• _Task prompt_:
What the response needs is every record, repeated verbatim, and no images.

[Data for the task]

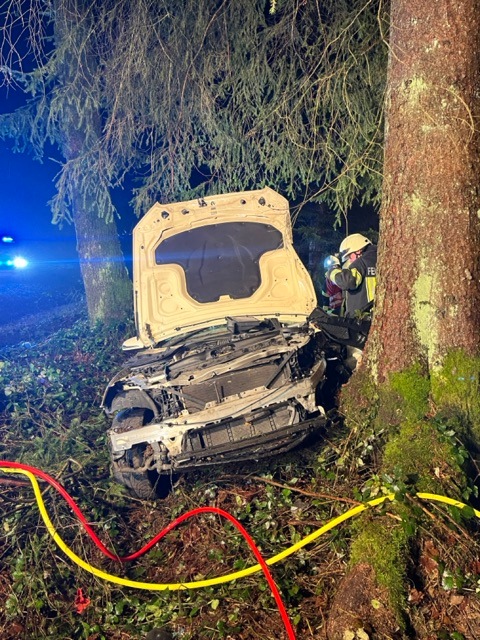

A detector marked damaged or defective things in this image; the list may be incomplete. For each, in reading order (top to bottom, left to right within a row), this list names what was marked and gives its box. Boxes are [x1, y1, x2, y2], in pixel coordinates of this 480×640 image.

crumpled car body [103, 188, 346, 498]
wrecked car [103, 188, 366, 498]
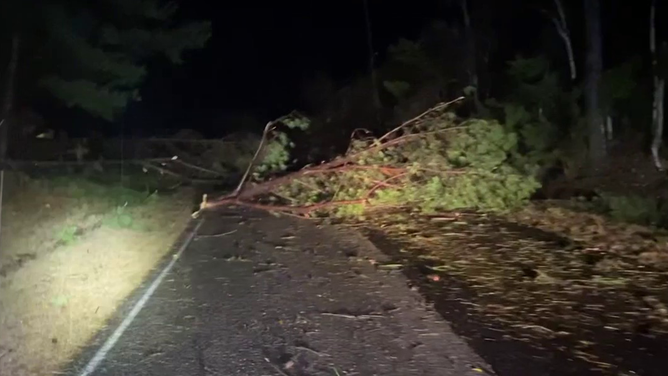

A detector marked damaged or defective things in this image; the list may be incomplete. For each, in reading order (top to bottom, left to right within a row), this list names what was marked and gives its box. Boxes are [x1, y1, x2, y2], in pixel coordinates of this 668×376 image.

damaged road [64, 209, 490, 376]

[/Data for the task]

• _Expected answer_:
A detector marked damaged or defective things in this image; the list may be incomplete. For each, in reading order (top to bottom, left to right within a row), this list names what was marked and gives its box. Boxes are [x1, y1, x2, y2], in pixel coordinates of this 480×640 image.

crumpled car body [103, 188, 346, 498]
wrecked car [103, 188, 366, 498]

A detector marked damaged or defective things in this image; the list may be incomplete. For each, in reading order (top to bottom, left to right within a row), this list names what was marked and gives its box. Boxes are [x1, y1, x2, y2], in pixel coordinates of this 668×376 image.

damaged road [64, 209, 490, 376]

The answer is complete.